Retype the data below verbatim; pictures do not belong in the copy.

[Opening RECORDED DATA section]

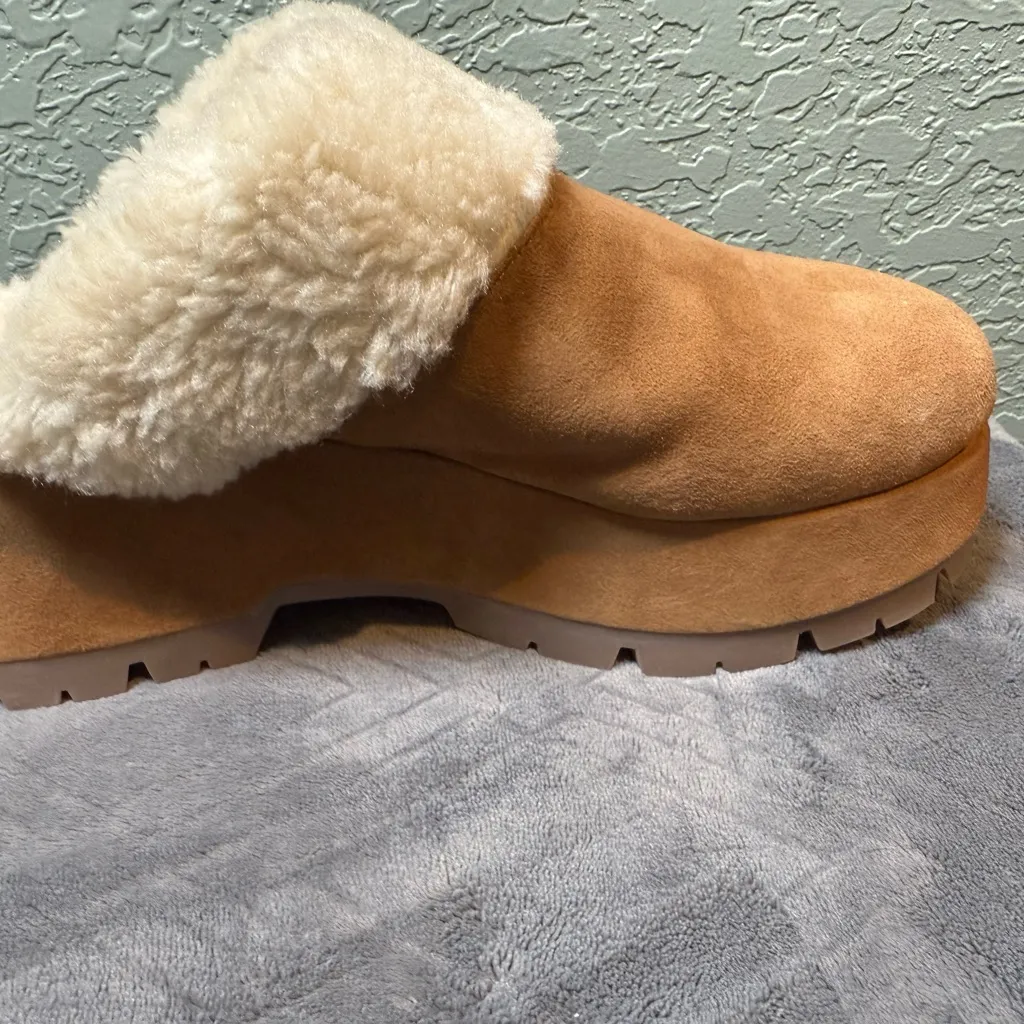 Steve Madden Tan Suede Fur-Lined Mules - Image 4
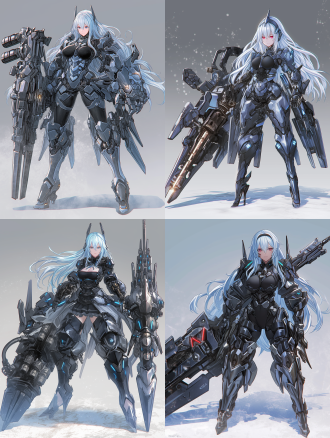 机甲女孩，重装机甲，机械外骨骼，重装武器，身材曲线优美，半身像，金属质感，冷色调，高对比度，硬光，广角镜头，科技感，力量感，未来感。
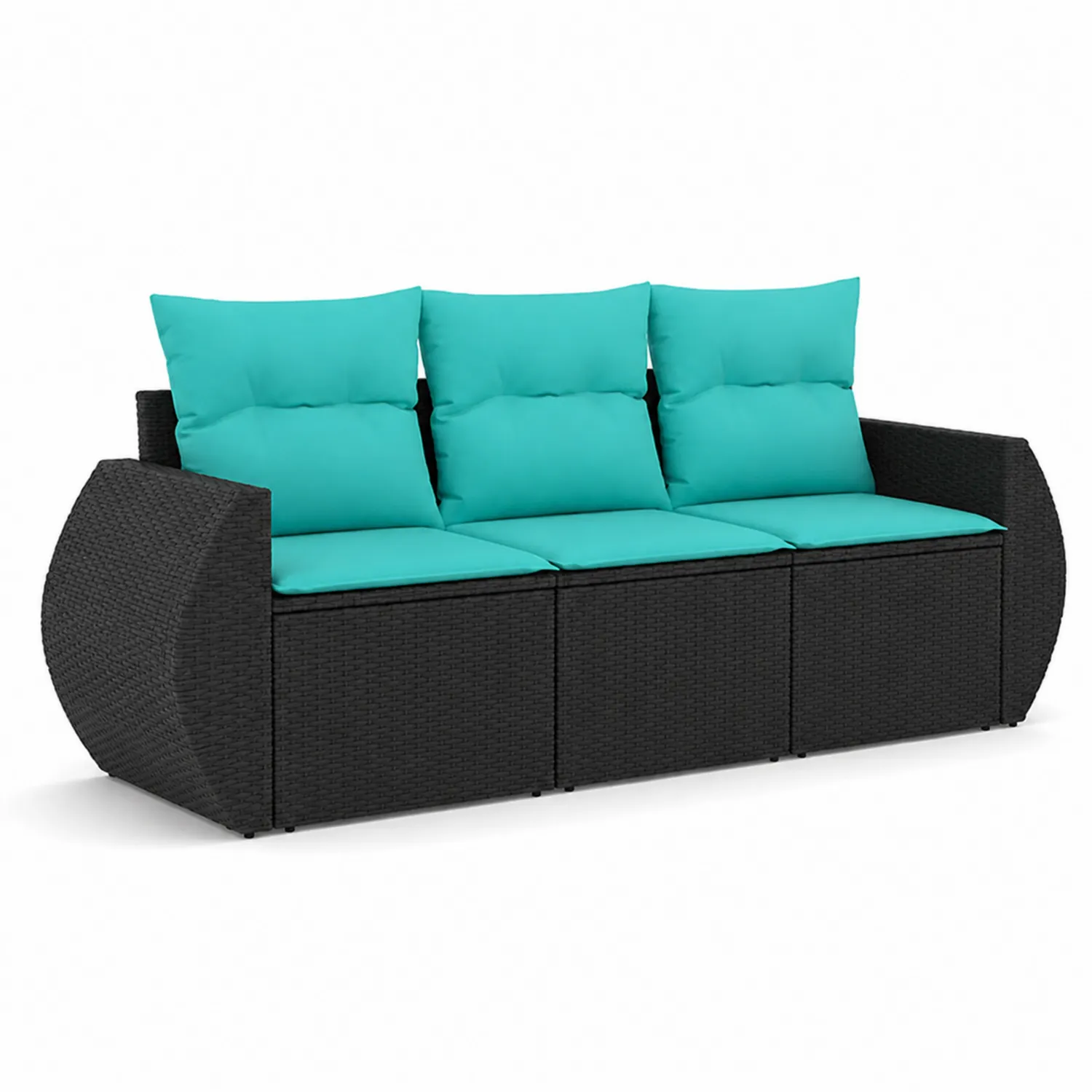 Canapé 3 Places en Résine Tressée avec Coussins Turquoise-brixtrivoqal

[Closing RECORDED DATA section]

**EXERCISE OUTPUT**
 Steve Madden Tan Suede Fur-Lined Mules - Image 4
 机甲女孩，重装机甲，机械外骨骼，重装武器，身材曲线优美，半身像，金属质感，冷色调，高对比度，硬光，广角镜头，科技感，力量感，未来感。
 Canapé 3 Places en Résine Tressée avec Coussins Turquoise-brixtrivoqal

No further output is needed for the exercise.